In this work, we formulate and solve the mathematical problem of optimal partitioning of a real-valued square computational domain across three heterogeneous processors connected by three heterogeneous communication links. The objective is to minimize the communication time of the data-parallel application processing this domain, assuming that its computation time is minimized by balancing the load of the processors. The state-of-the-art methods ignore the heterogeneity of the communication links and try to minimize the total amount of communicated data instead of the communication time. As a result, optimal partitions found by these methods may not minimize the communication time on mainstream heterogeneous hybrid servers with heterogeneous data links.

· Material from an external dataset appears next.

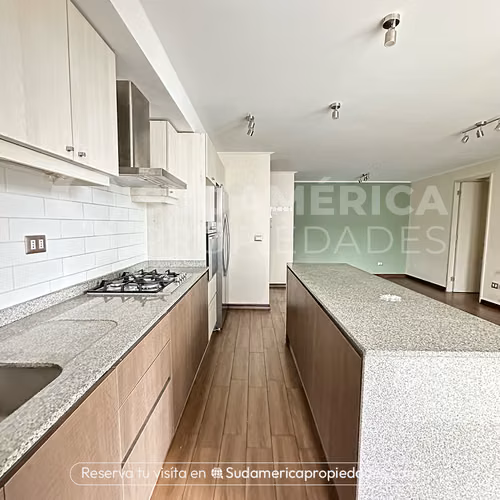 Se vende Departamento en Condominio Rio Cruces, Isla Teja. Valdivia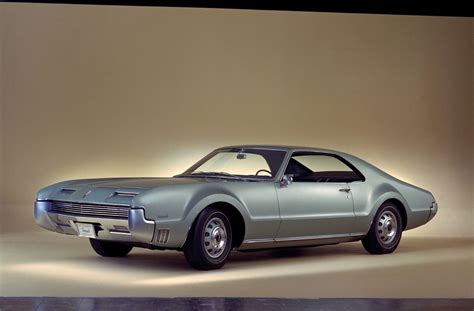 Oldsmobile Toronado The Forgotten Mid 60s Icon With V8 Muscle Fwd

We introduce a bandwidth-aware communication cost function, representing the communication time of parallel processing for each given partition. Using this function, we identify and prove the optimality of four partitioning shapes and 24 candidate partitions, which can potentially minimize the communication cost. We derive analytical formulas for the communication cost of each candidate partition and use them to find the optimal one for each given combination of bandwidths of communication links and ratio of processor speeds. The state-of-the-art bandwidth-oblivious methods only identify 3 optimal partitioning shapes and 3 candidate partitions. Through extensive simulations, we compare optimal partitioning shapes found by the bandwidth-aware and bandwidth-oblivious methods for the full range of processor speed ratios and realistic bandwidths of communication links. We also experimented on two real hybrid heterogeneous servers, each comprising a multi-core CPU and two accelerators. These experiments demonstrate the superior prediction accuracy of the bandwidth-aware communication model over its bandwidth-oblivious counterpart, resulting in truly optimal partitioning solutions in all conducted experiments.